**Provided records:**
◆ ◆ ◆ ◆ ◆ ◆ ◆

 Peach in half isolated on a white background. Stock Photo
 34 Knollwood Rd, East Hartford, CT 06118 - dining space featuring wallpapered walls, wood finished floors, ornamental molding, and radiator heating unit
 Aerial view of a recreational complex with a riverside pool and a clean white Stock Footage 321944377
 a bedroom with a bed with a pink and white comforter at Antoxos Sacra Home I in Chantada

◆ ◆ ◆ ◆ ◆ ◆ ◆

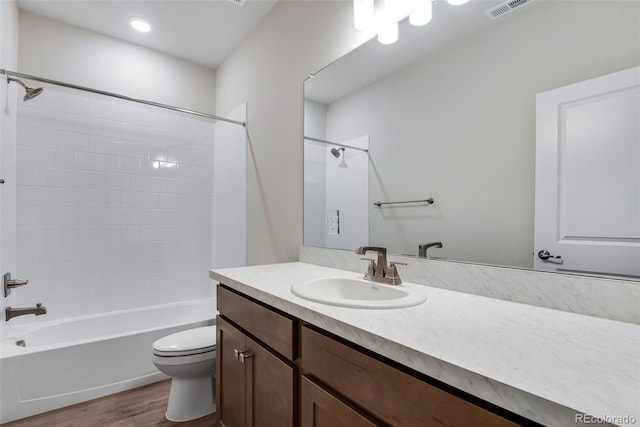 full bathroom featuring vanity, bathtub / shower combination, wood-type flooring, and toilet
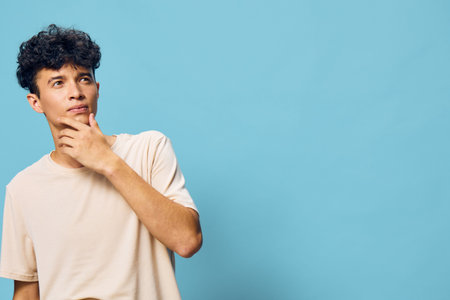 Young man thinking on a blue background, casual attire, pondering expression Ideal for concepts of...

◆ ◆ ◆ ◆ ◆ ◆ ◆

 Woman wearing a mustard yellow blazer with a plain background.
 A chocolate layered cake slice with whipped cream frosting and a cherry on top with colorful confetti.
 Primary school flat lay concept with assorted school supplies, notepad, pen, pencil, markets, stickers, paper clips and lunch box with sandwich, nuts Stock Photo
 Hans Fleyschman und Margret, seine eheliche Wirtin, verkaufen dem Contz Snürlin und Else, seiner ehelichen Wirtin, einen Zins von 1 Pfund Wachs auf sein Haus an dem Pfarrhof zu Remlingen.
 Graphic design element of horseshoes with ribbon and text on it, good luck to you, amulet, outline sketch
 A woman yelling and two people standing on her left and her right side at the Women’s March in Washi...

◆ ◆ ◆ ◆ ◆ ◆ ◆

**Task description:** Set down, exactly as they stand above, the lines starting with the line with "Peach in half" and going on through the line with "a bedroom with", and no others.

**Answer to the exercise:**
 Peach in half isolated on a white background. Stock Photo
 34 Knollwood Rd, East Hartford, CT 06118 - dining space featuring wallpapered walls, wood finished floors, ornamental molding, and radiator heating unit
 Aerial view of a recreational complex with a riverside pool and a clean white Stock Footage 321944377
 a bedroom with a bed with a pink and white comforter at Antoxos Sacra Home I in Chantada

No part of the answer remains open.